Language Weaver's translation tools move from spy vs. spy to Web content

Ian Lamont10.09.2008
Tags
Comments 1
100908_chinese.jpg
Like the story? Get Alerts of big news events. Enter your email address

Automated, effective machine translation has been a holy grail of computer scientists for decades. It's not just a practical challenge -- it's a technology that has the potential to revolutionize communication and lead to new classes of software applications.

The arrival of a global communications medium -- the Internet -- has increased the need for high-quality translation software. The Industry Standard spoke with Mark Tapling, the president and CEO of Language Weaver, about his company's approach to machine translation. The company's products are centered around a statistical-based translation engine that has been used for years by U.S. intelligence agencies. It supports 50 language pairs. Language Weaver has also launched a high-volume Internet-based application that can be optimized for internal company documents or websites.

One of the company's major selling points is cost: Tapling says human translation averages 21 cents per word, which is too expensive for most types of online content.
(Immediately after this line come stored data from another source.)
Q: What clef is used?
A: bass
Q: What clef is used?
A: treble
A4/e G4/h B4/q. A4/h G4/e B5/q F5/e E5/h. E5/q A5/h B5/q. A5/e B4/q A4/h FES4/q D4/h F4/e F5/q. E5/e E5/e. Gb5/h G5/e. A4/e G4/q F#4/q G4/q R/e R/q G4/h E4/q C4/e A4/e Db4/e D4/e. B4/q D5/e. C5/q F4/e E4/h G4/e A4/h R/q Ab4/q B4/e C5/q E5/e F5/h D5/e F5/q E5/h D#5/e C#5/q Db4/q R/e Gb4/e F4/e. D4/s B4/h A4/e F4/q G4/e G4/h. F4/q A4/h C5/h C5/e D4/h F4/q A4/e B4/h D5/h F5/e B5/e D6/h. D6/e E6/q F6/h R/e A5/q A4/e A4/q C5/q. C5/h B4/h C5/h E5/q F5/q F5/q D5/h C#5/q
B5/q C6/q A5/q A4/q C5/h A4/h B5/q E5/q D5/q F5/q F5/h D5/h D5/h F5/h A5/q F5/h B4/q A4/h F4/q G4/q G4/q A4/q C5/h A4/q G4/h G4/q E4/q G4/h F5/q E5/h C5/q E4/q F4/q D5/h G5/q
In the interview (see below) he stated that Language Weaver is a far cheaper alternative.

The company has already attracted several customers who want to produce international versions of their websites. One of the largest is Trip Advisor, which uses the software to translate user-generated reviews of hotels and other places into various European languages and Japanese. However, price is not the only consideration for using Language Weaver -- output quality matters greatly to readers, and the software needs to be "trained" to improve the quality of translated Web content.
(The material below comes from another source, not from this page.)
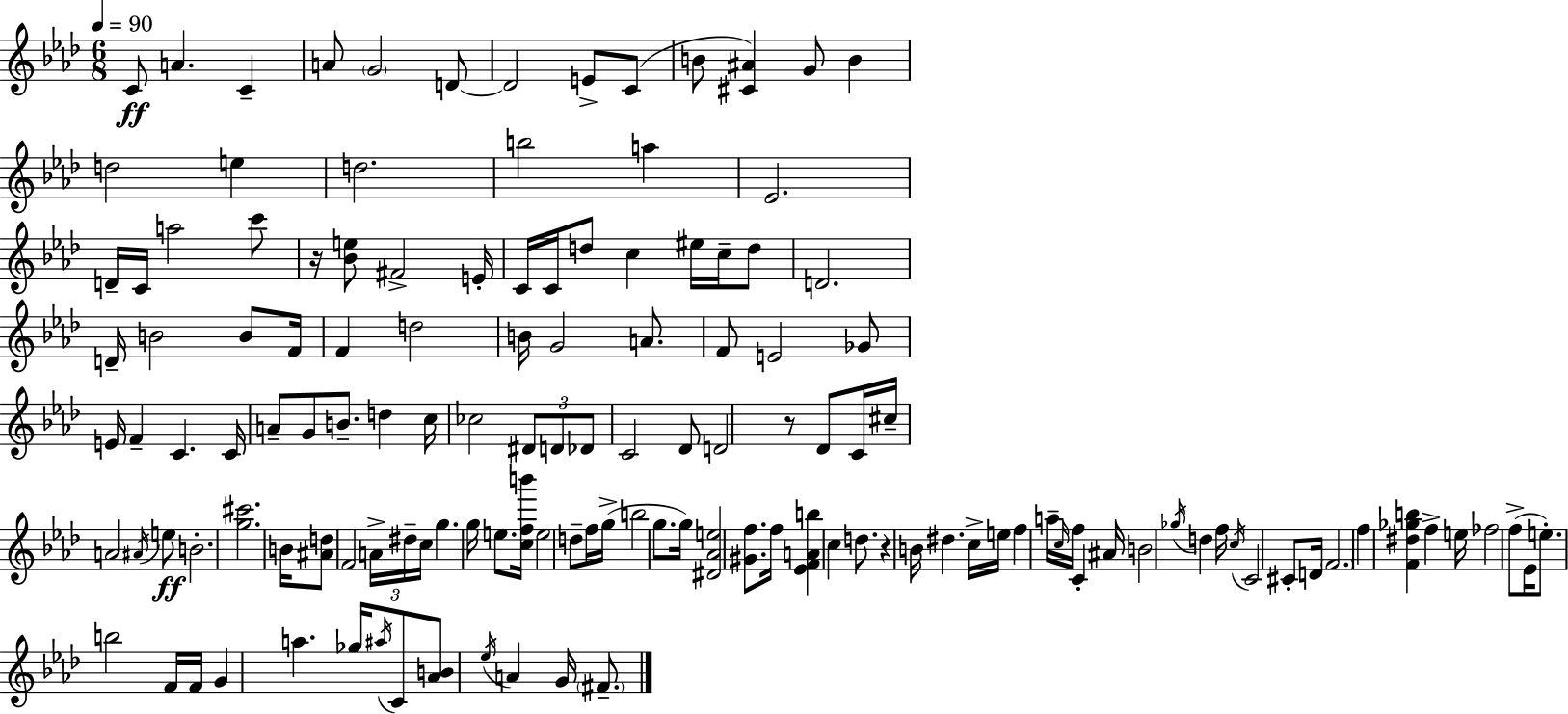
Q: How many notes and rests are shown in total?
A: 136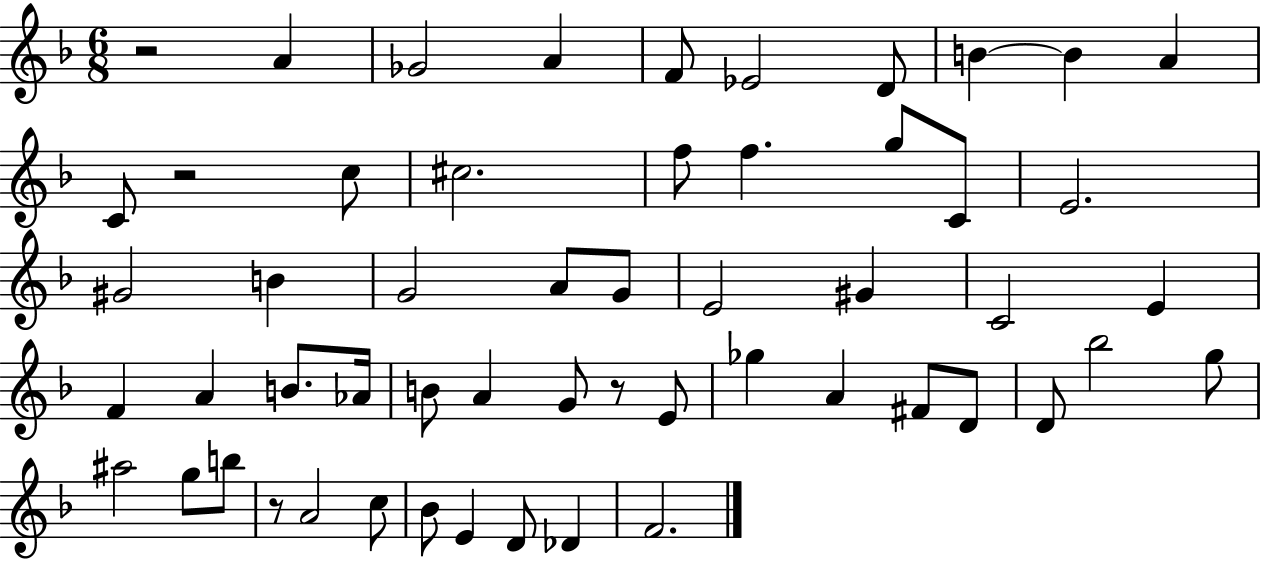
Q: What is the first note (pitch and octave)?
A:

Our interview with Tapling follows:

The Industry Standard: How does Language Weaver compare with human translators and other machine translation services in terms of cost?

Mark Tapling: Language Weaver translations are at least 2,000 times more cost effective than the cost of human translators. Our products are priced by application versus tools. In this case, we are looking to establish leadership as both the quality and price performer. Pricing for alternate solutions have a wide variety of entry points, but we know when considering volume, speed, and accuracy that our products are viewed as very compelling on the pricing front.

TIS: What is the breakdown of clients who use the hosted service, compared to the standalone CD-based product?

Tapling: We just launched our SaaS offering 10 days ago. We have two clients up in production, and likely another three coming in the first two weeks, so we are encouraged. The historical business of the company has been geared toward government intelligence applications, and virtually all of those clients are on premise-based systems.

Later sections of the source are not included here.